● **WHAT YOU WILL DO**
Copy nothing past the line containing "A spacious room". Transcribe every line of the listing below up to and including it, from the first, except pictures.

● **DATASET CONTENT**

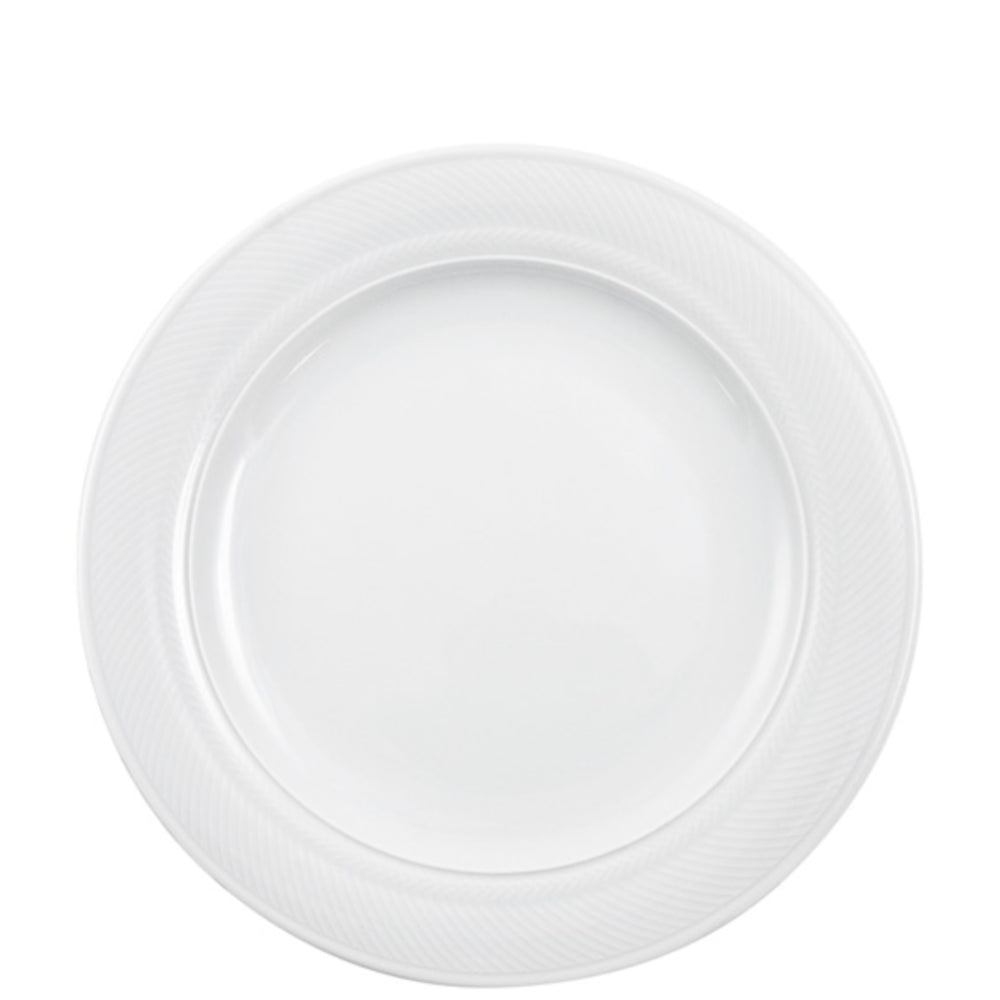 Weißer Porzellanteller mit Muster.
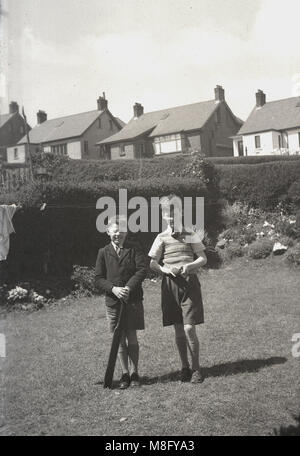 1950, historische, Sommer und zwei lächelnde junge Jungen, vielleicht Brüder, zusammen draußen stehen in einem Vorstädtischen zurück Garten, der Jüngste mit einem alten Kricketschläger, England, UK. Stockfoto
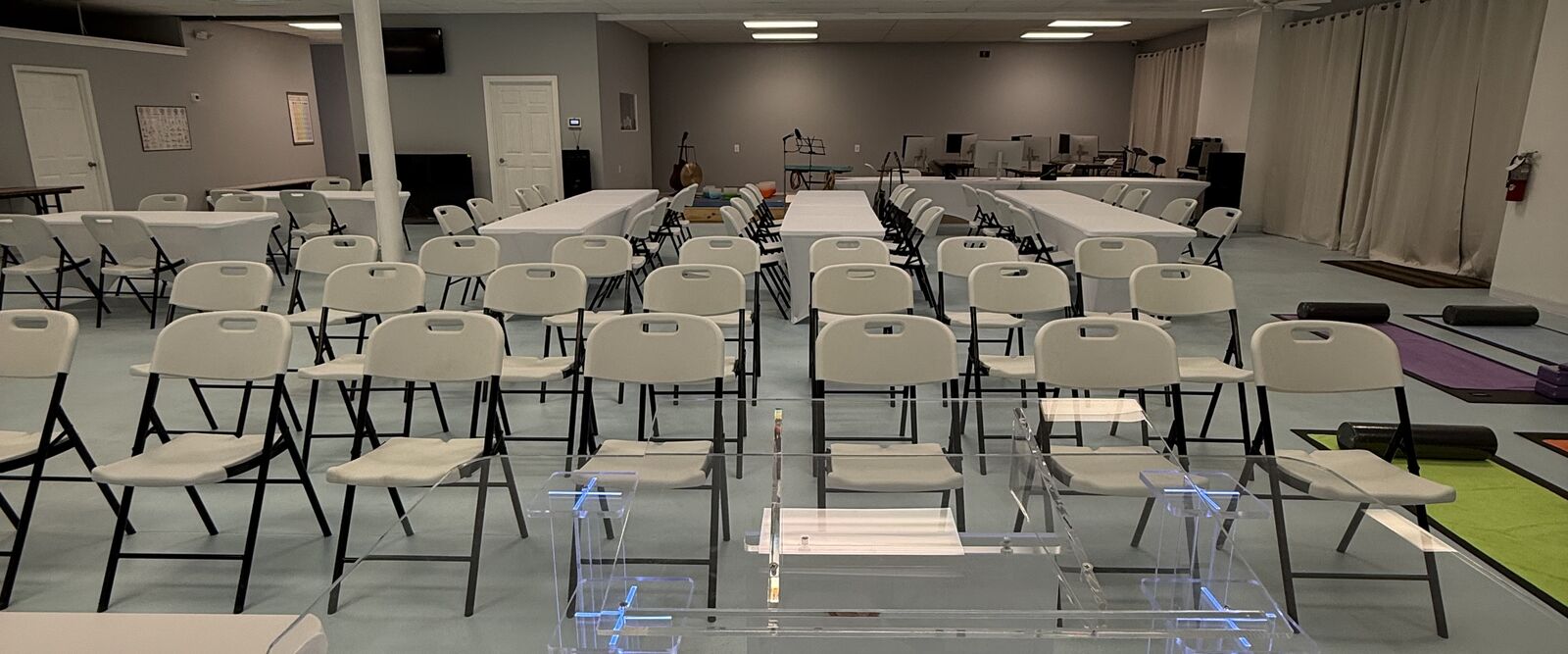 A spacious room with white walls, equipped with rows of chairs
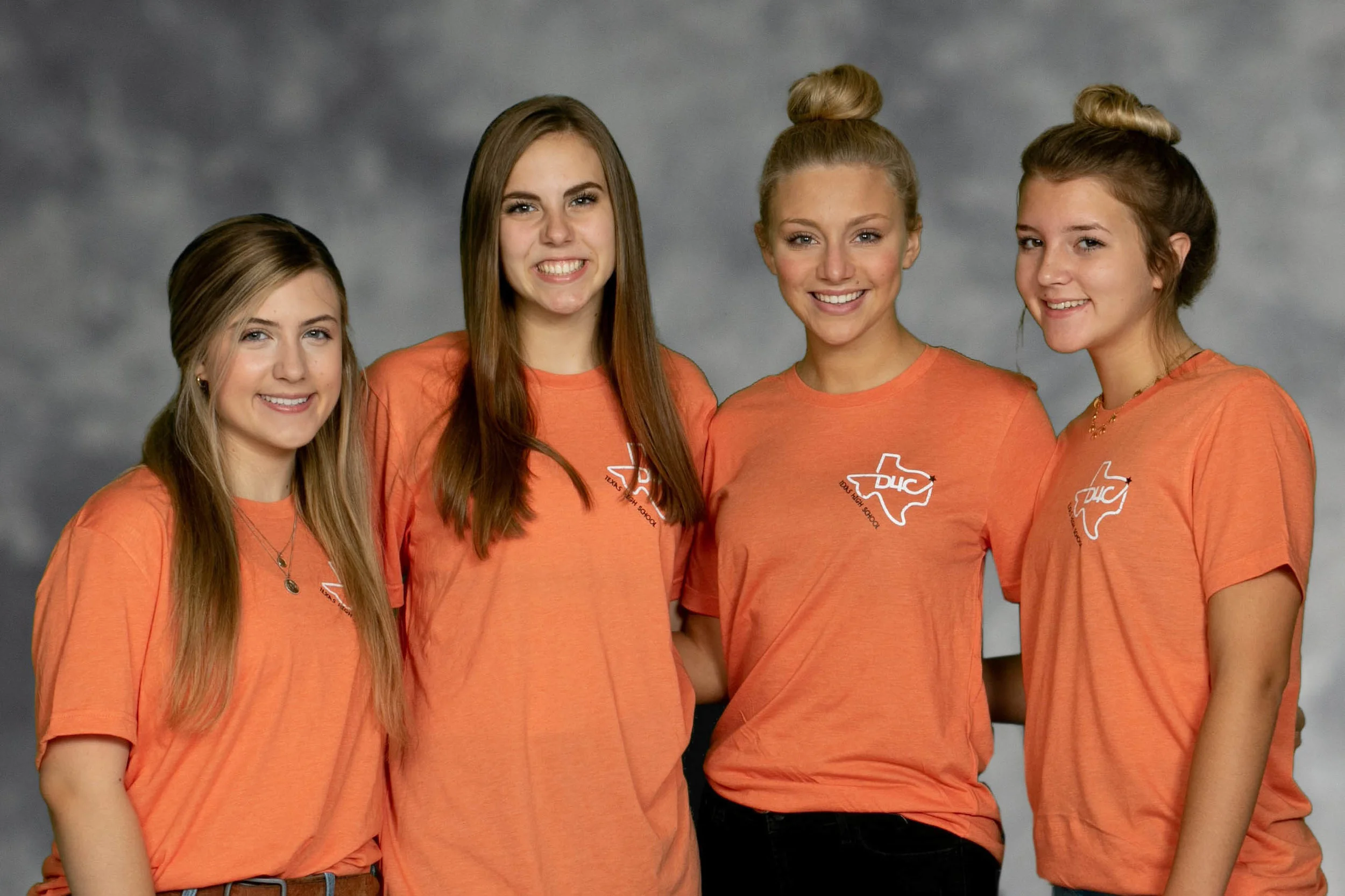 Dash 4 Cash Student Co-Chairs Meredith Green and Olivia Lower and Underwriting Co-Chairs Hollan Borowitz and Emma McMillen wear the new T-shirts which are being used to promote this year’s Dash 4 Cash Scholarship Run.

● **TASK ANSWER**
 Weißer Porzellanteller mit Muster.
 1950, historische, Sommer und zwei lächelnde junge Jungen, vielleicht Brüder, zusammen draußen stehen in einem Vorstädtischen zurück Garten, der Jüngste mit einem alten Kricketschläger, England, UK. Stockfoto
 A spacious room with white walls, equipped with rows of chairs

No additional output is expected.